Local author Chris Colin and comedy writer Rob Baedeker recently had their excellent book, What to Talk About, published by Chronicle Books. It's a funny but absurd manual for improving conversation at every level. Chris has written for the NewYorker.com, the New York Times Magazine, Wired, and Smithsonian,and Rob helped form the Kasper Hauser comedy group. Their latest publication is for the bumbling and debonair alike.
To help celebrate the release of What to Talk About, Chris and Rob offer some additional advice for very San Francisco situations. We suggest stapling their tips into your waistband so you’re never left in awkward silence again. - Jennifer Maerz
What should we talk about in this city?
NO. We at What to Talk About HQ reject the very premise of the question we just asked ourselves. A better question? What do we GET to to talk about. Free tips below.
What to talk about in an endless line for something to eat
Could you make fun of the whole ridiculous line-for-restaurants phenomenon? Sure, but that's too easy and anyway, you're not above the situation – you're in it. You're in the line, and in your life. Embrace it: Talk about the history of the line. When do you think humans first came up with the concept, instead of 1) shoving/knifing one's way toward the front and 2) clustering around something with no sense of order? In some places they still use strategy #1. Who's right? And why are East Coasters wrong when they say waiting "on line"?

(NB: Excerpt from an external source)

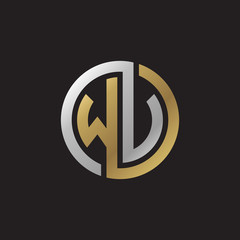 Initial letter WV, WU, looping line, circle shape logo, silver gold color on black background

What to talk about when someone brings up how the city's changing
Pretend you haven't noticed any of the changes. Keep insisting nothing has changed, provoking the other person into a full articulation of his/her joy or rage. After five minutes blow a slow-motion kiss and pat them on the bottom football-player-style.
You're both free. Talk about something grounded, something non-theoretical, something fun: Who's the luckiest person you've ever met? If you could hear a master recording of everything ever said about you, would you? Describe yourselves in ten words. If a wizard offered you the power to walk through walls, but you'd vomit one out of ten times, would you go for it? Describe yourselves in one word.
What to talk about on your first Grindr date
Resist the urge to appear clever or even half-clever. What do you really want? Nope, not that. That's right – you want to know you're not alone in the universe. The footpath to intimacy wends a path of ignorance. Start by opening up about something you don't know. Admit you're not sure you could clearly define "wend," or for that matter explain how cameras work.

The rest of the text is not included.